The Financial Reporting Council (FRC), Hong Kong’s top accounting regulator, said it has begun an investigation into the financial statements of Convoy Global Holdings, and singled out its auditor for failing to raise the red flag on the financial advisory firm’s state of accounts.
Convoy, which released its results for 2017 through 2019 on February 18 to fulfil its obligation to resume trading on the Hong Kong stock exchange, should have its accounts put under scrutiny “without delay” because of “the potential implications of the form of the audit opinions [on] Convoy’s listing status,” according to a statement by the FRC.
Zhonghui Anda CPA, which qualified each of Convoy’s three financial statements with multiple exceptions, failed to convey the risks in the results of the largest adviser to Hong Kong’s Mandatory Provident Fund, the regulator said, adding that the auditor would also become the subject of an investigation. Calls to Zhonghui’s office in Causeway Bay went unanswered.
“An auditor is not permitted to qualify the audit opinion if the unknown effects of such exceptions could be both material and pervasive,” the FRC said, adding that the auditor should have withdrawn from the audit, or added disclaimers in its assessment. “This is because a qualification would be inadequate to communicate the gravity of the situation in those circumstances.”

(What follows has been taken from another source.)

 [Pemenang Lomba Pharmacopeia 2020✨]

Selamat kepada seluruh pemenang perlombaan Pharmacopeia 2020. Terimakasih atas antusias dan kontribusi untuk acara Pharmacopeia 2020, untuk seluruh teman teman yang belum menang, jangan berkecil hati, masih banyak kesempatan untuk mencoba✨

The FRC’s unprecedented move, its first announcement of such an inquiry since its establishment in 2006, underscores the resolve by Hong Kong’s regulators in cleaning up corporate malfeasance and financial fraud in Asia’s second-largest capital market. Billions of dollars of capital unleashed
by global central banks to help the world economy weather the coronavirus pandemic have flooded Hong Kong’s equity, real estate and money markets in recent months, keeping regulators on edge.
Convoy, which provides financial advice to more than 100,000 pension holders in the city’s retirement savings scheme, is the litmus test of Hong Kong’s regulatory ruggedness and probity. The firm, which last week reported a combined loss of HK$2.6 billion (US$335 million) over three years, was at the centre of a financial scam.

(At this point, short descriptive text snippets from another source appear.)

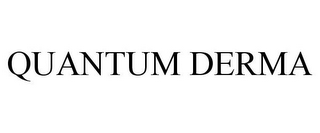 QUANTUM DERMA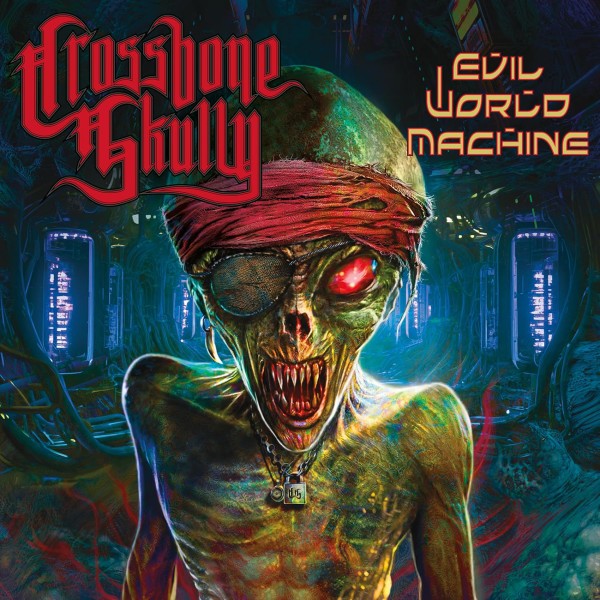 Crossbone Skully - Evil World Machine (CD)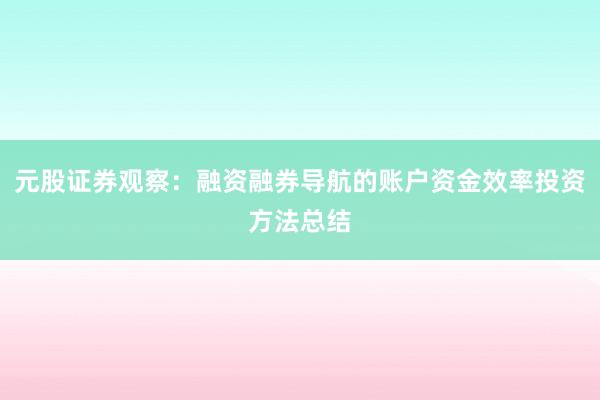 元股证券观察：融资融券导航的账户资金效率投资方法总结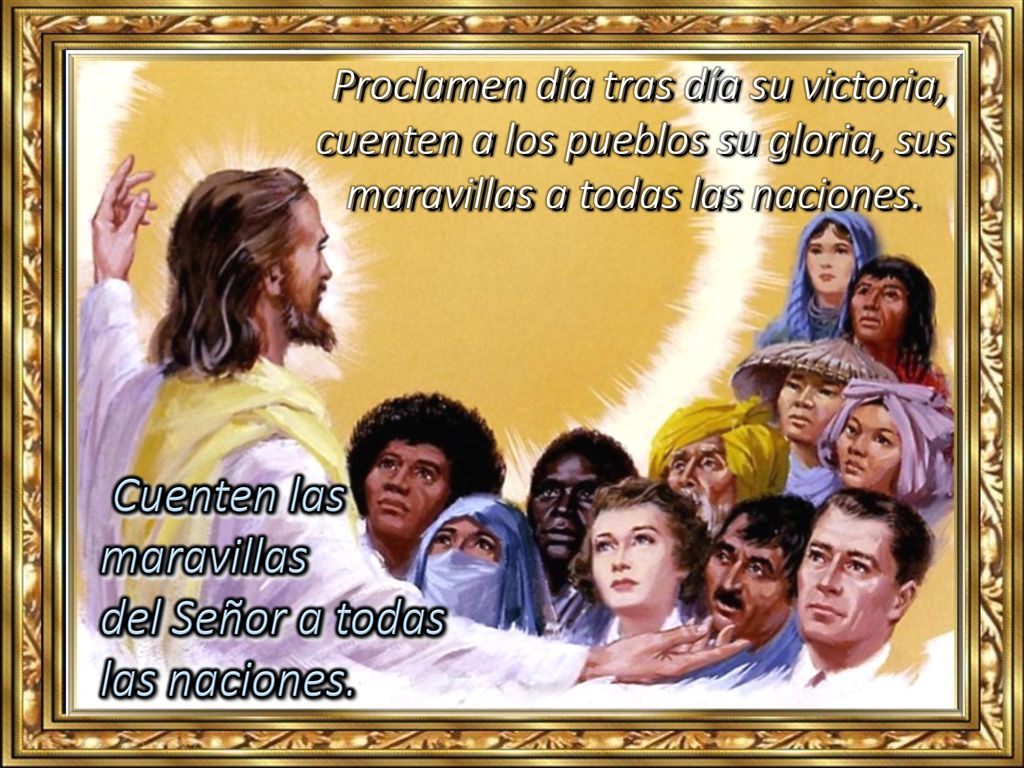 Cuenten las maravillas del Señor a todas las naciones.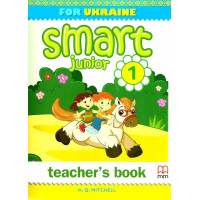 НУШ Книга для вчителя Лінгвіст Smart Junior for Ukraine НУШ 1 Teacher's Book Англійська мова 1 клас Мітчелл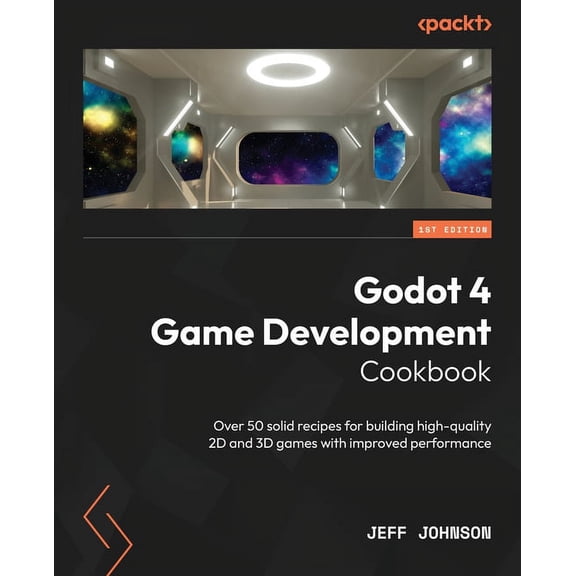 Godot 4 Game Development Cookbook: Over 50 solid recipes for building high-quality 2D and 3D games with improved perform, (Paperback)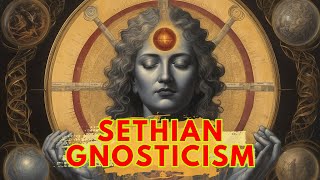 Unlocking the Secrets of Sethian Gnosticism [upl. by Jemina]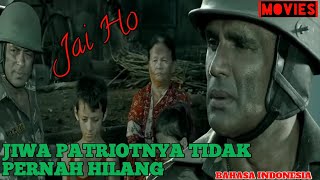 Jiwa Patriotnya Tidak Pernah Hilang || JAI HO Part 6
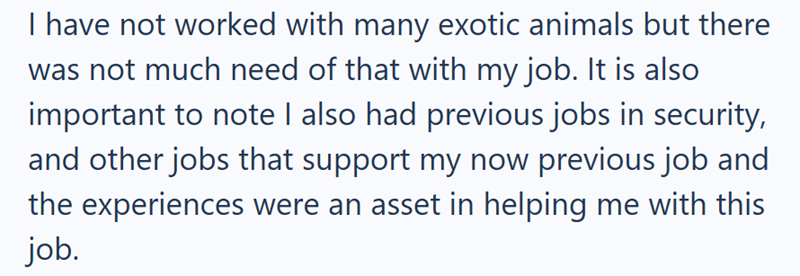 I have not worked with many exotic animals but there was not much need of that with my job. It is also important to note I also had previous jobs in security, and other jobs that support my now previous job and the experiences were an asset in helping me with this job.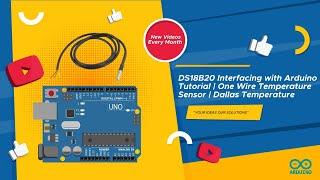DS18B20 Arduino Tutorial | One Wire Temperature Sensor | Dallas Temperature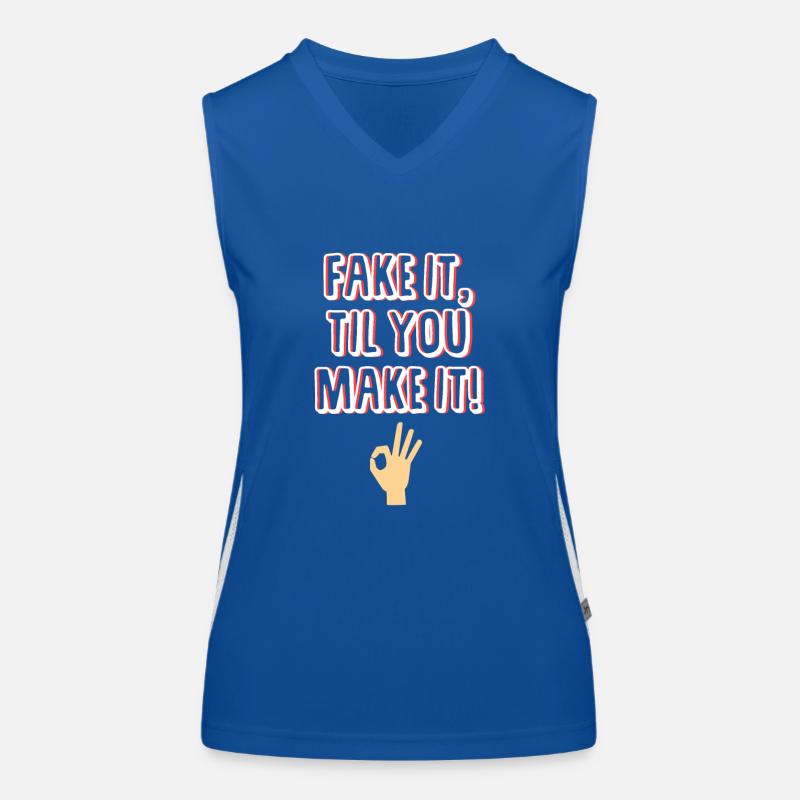 Fake it, til you make it! Geschenk - Sprüche Funktionelles Kontrast-Tank Top für Frauen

“We believe the auditor will fully co-operate with the regulator,” said a Convoy spokesman.
The city’s Securities and Futures Commission (SFC) and the Independent Commission Against Corruption (ICAC) charged a former Convoy director and two of his associates with conspiracy to defraud HK$89 million from the company. The trio were acquitted of all charges last November, a verdict which the ICAC is filing an appeal against.
Trading of Convoy’s shares has been suspended since December 2017 as the ICAC and SFC began their investigations. Hong Kong’s stock exchange announced last May that it would expel Convoy’s shares, a decision which the company appealed against. The release of Convoy’s financial results was a crucial condition for the company’s shares to resume trading.
Convoy reported a 2017 loss of HK$1.44 billion, narrowing to a HK$617.8 million deficit in 2018, followed by a HK$540.4 million loss in 2019.
Zhonghui Anda, which failed to raise the red flag on Convoy’s financial statements, will be the subject of an inquiry, FRC said. Convoy is part of the so-called Enigma Network, a cluster of interrelated, publicly traded companies that use layers of overlapping shareholdings to disguise their true owners, according to shareholder activist David Webb. It is also the subject of a number of legal proceedings claiming conspiracy to defraud, in relation to transactions involving Convoy, the FRC said.
Hong Kong’s regulators had tried for many years to bring down the Enigma Network amid widespread suspicions of fraud, market manipulation and corporate misconduct in transactions among the companies involved.